There *is* an API, described at [api.md](api.md). Web APIs are exposed
to pager too, but you cannot operate on the DOMs themselves from the
pager, unless you create one yourself with DOMParser.parseFromString.

[config.md](config.md) describes all commands that are used in the
default config.

### JS in the buffer

The DOM is implemented through the same wrappers as those in pager,
except the pager modules are not exposed to buffer JS.

Aside from document.write, it is mostly straightforward, and usually
works OK, though too many things are missing to really make it useful.

As for document.write: don't ask. It works as far as I can tell, but
I wouldn't know why.

## CSS

css/ contains CSS parsing, cascading, layout, and rendering.

Note that CSS (at least 2.0 and onward) was designed for pixel-based
displays, not for character-based ones. So we have to round a lot,
and sometimes this goes wrong. (This is mostly solved by the omission of
certain problematic properties and some heuristics in the layout engine.)

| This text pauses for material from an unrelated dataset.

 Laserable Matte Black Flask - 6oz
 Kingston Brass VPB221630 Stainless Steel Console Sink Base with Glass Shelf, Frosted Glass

Also, some (now) commonly used features like CSS grid are not
implemented yet, so websites using those look ugly.

### Parsing, cascading

The parser is not very interesting, it's just an implementation of the
CSS 3 parsing module. The latest iteration of the selector parser is
pretty good. The media query parser and the CSS value parser both work
OK, but are missing some commonly used features like variables.

Cascading works OK.  To speed up selector matching, various properties
are hashed to filter out irrelevant CSS rules.  However, no further
style optimization exists yet (such as Bloom filters or style
interning).

Style calculation is incremental, and results are cached until an
element's style is invalidated, so re-styles are quite fast.  (The
invalidation logic is primitive, but as far as I can tell, it's good
enough in most cases.)

### Layout

Our layout engine is a rather "simple" procedural layout implementation.
It runs in two passes (but I'm working on eliminating the first one.)

1. Build a layout tree. Anonymous block and table boxes are generated
   here. After this pass, the tree is no longer mutated, only the
   `state` and `render` fields of the respective boxes.
2. Position said boxes, always relative to their parent. This pass
   sets the values in the `state` field.

In practice, step 2 is often repeated for subsections of the tree
to resolve cyclic dependencies in CSS layout (e.g. in table, flex).
However, the input sizes are cached between sub-layout passes, and
the entire sub-layout is skipped if the sizes remained identical.
(This usually happens if a box's inner layout does not depend on its
parent box's sizes at all, e.g. with a non-percentage specified width.)

Since we do not cache layout results, and the whole page is layouted,
it gets quite slow on large documents.  (Layout is being incrementally
refactored to make implementing a cache simpler.)

### Rendering

After layout is finished, the document is rendered onto a text-based
canvas, which is represented as a sequence of strings associated with
their formatting.  (Right now, "formatting" also includes a reference to
the respective DOM nodes; in the future, it won't.)

Additionally, boxes are assigned an offset in the `render` field here,
which is used when jumping to anchors.

The entire document is rendered, and this is our main performance
bottleneck right now.  (In fact, rendering takes much longer than
layout.  Styling is even slower, but that's less of a problem because it
only happens once for most elements.)

The positive side of this design is that search is very simple (and
fast), since we are just running regexes over a linear sequence of
strings.